Julien Brun : Pour moi, que le directeur sportif choisisse son entraîneur est une bonne chose, cela favorise la cohérence à long terme. C’est un bon choix, probablement motivé par la confiance que s’accordent les deux hommes depuis des années. Quand Genesio a repris Lyon, il y a eu six mois de folie avec du jeu, des résultats et un gros état d’esprit, des joueurs qui le suivaient. C’est une bonne personne qui sait emmener un groupe avec lui. Il est trop tôt, évidemment, pour savoir si ça marchera mais sa personnalité, alliée à la solidité du club breton, peut donner d’excellents résultats. C’est un pragmatique, qui va savoir utiliser les forces mises à sa disposition. Et il redonnera confiance à des joueurs qui n’ont pas tout perdu en deux mois.
Rennes peut-il aller chercher l’Europe sous l’impulsion de son nouveau coach ?
David Berger : Il faut, en tout cas, qu’ils y croient et qu’ils réenclenchent une série positive. Il reste des matches, à eux de forcer leur destin, même si pour moi, ce sera compliqué. Ce que vous me demandez revient à se demander si le 19e sur l’année civile 2021 peut terminer 5e… Pas simple. Aujourd’hui, Rennes vit une fin de cycle, avec pas mal de joueurs qui ne seront sans doute plus là dans trois mois. Reste à savoir quelle sera la fin qu’ils choisiront…

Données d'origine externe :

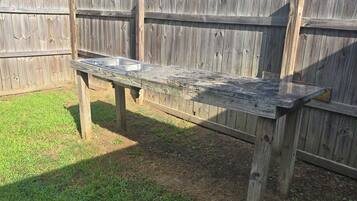 A wooden picnic table with metal containers, set against a wooden fence in a grassy area.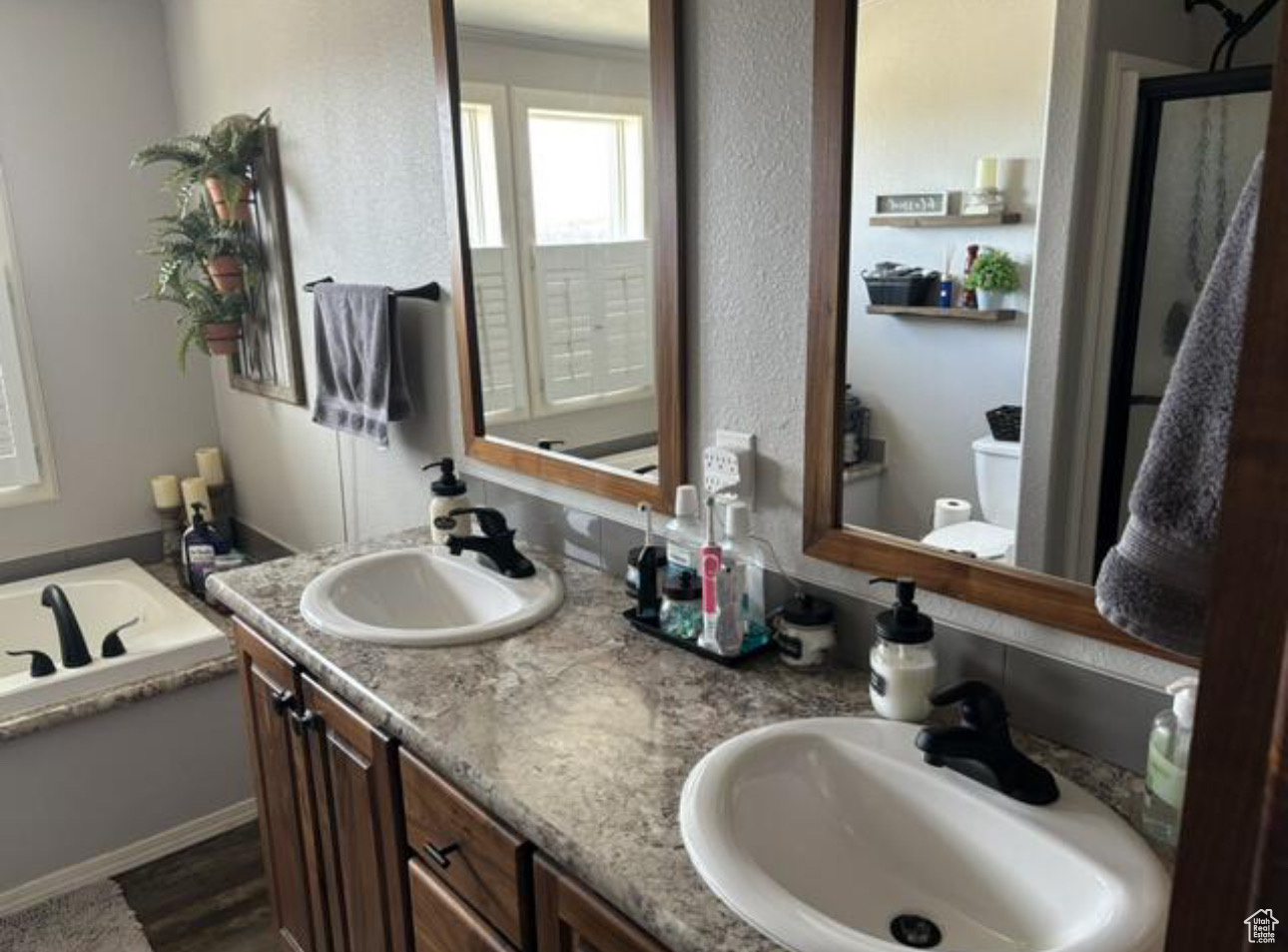 Bathroom featuring vanity, a bathtub, and toilet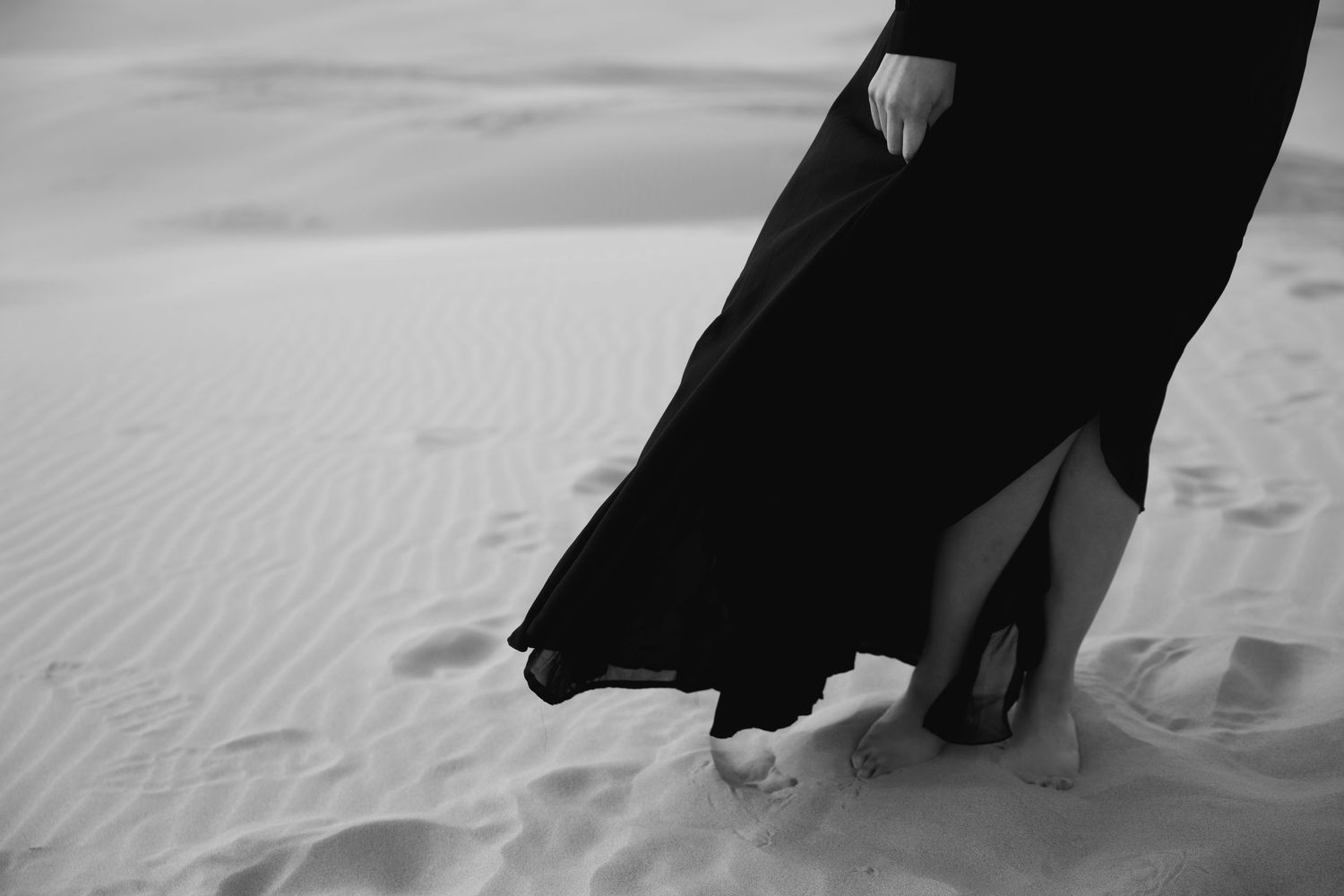 A couple in formal attire walks on a sandy beach, with their feet leaving footprints in the white sand.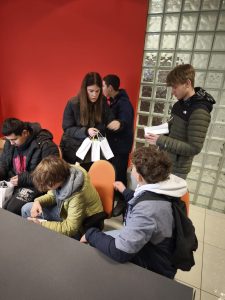 Uczniowie klasy VIII siedzą i stoją w sali firmy HOLKAP; trzymają w rękach torby upominkowe i notatki, a w tle widoczna jest czerwona ściana oraz szklana ściana z pustaków.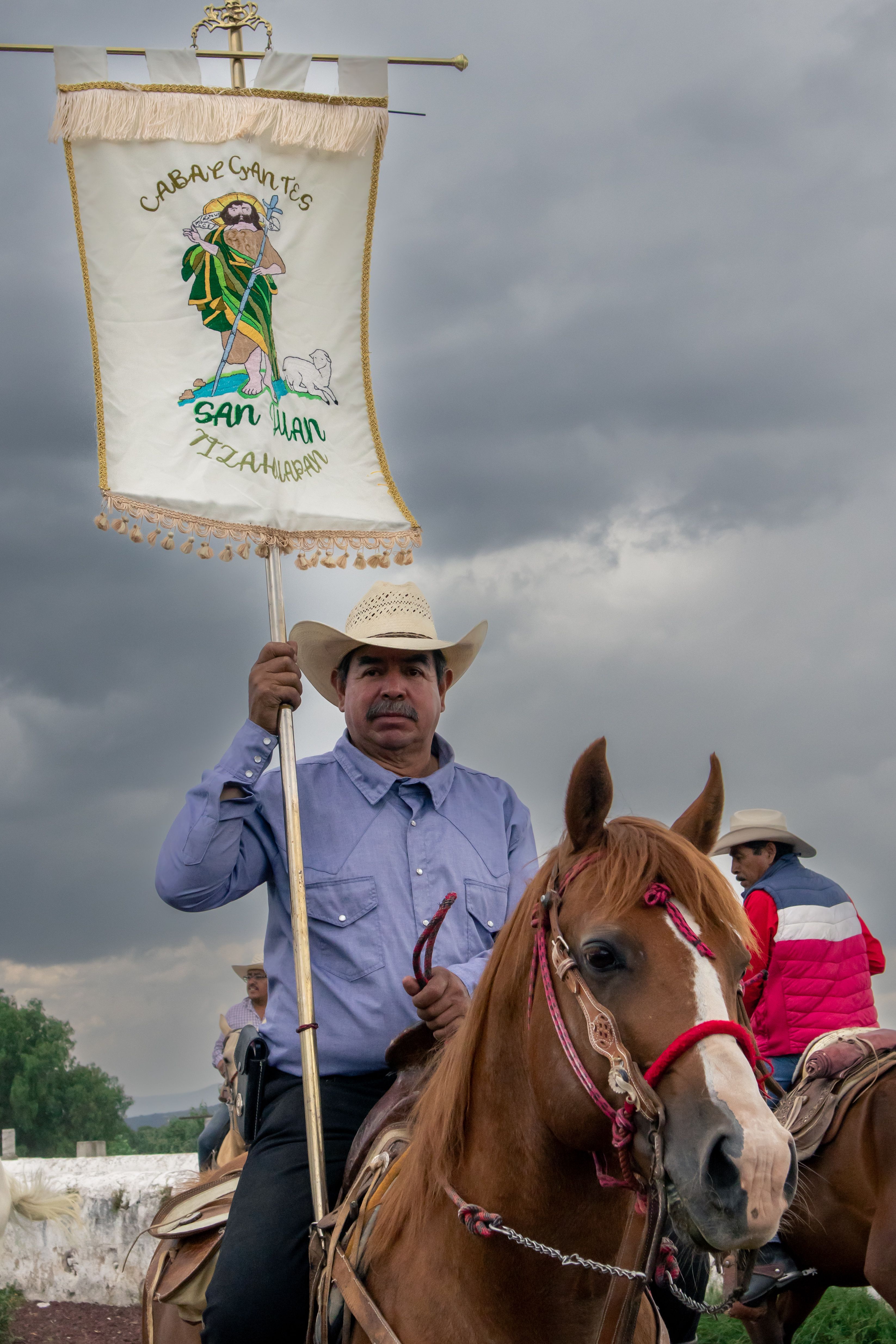 Man on horseback holding a religious banner during cultural event.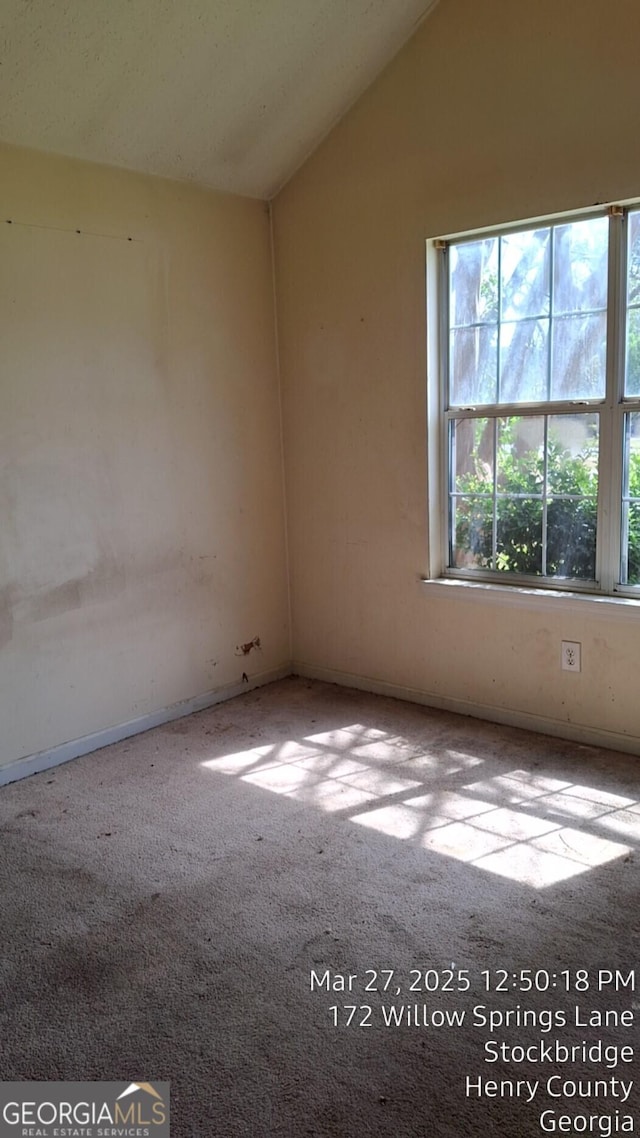 172 Willow Springs Ln, Stockbridge, GA 30281 - carpeted empty room featuring lofted ceiling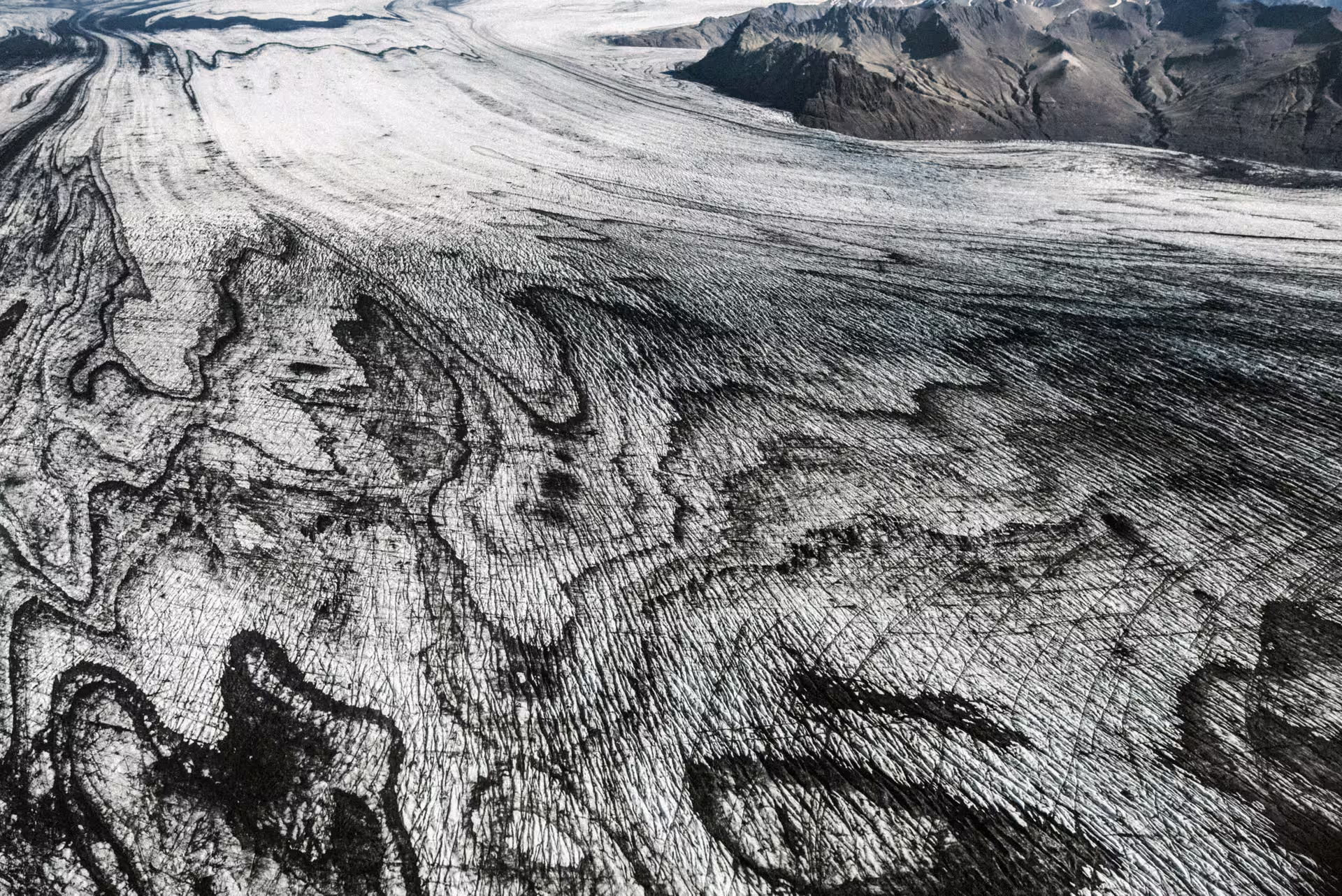 Aerial view of Vatnajokull glacier surface with dark moraine lines and rocky mountains in Iceland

Julien Brun : Il faut remettre une dynamique en route et le faire rapidement. Pour l’Europe, ça paraît aujourd’hui compliqué mais la chance de Rennes, c’est que les équipes classées devant vont probablement connaître un mauvais cycle, elles aussi, d’ici la fin du championnat. Tout va très vite dans le foot, on le vérifie chaque week-end. Le Stade Rennais a montré qu’il fonctionnait par cycles, parfois très négatifs ou très positifs. Et il y a rarement des écarts significatifs au classement.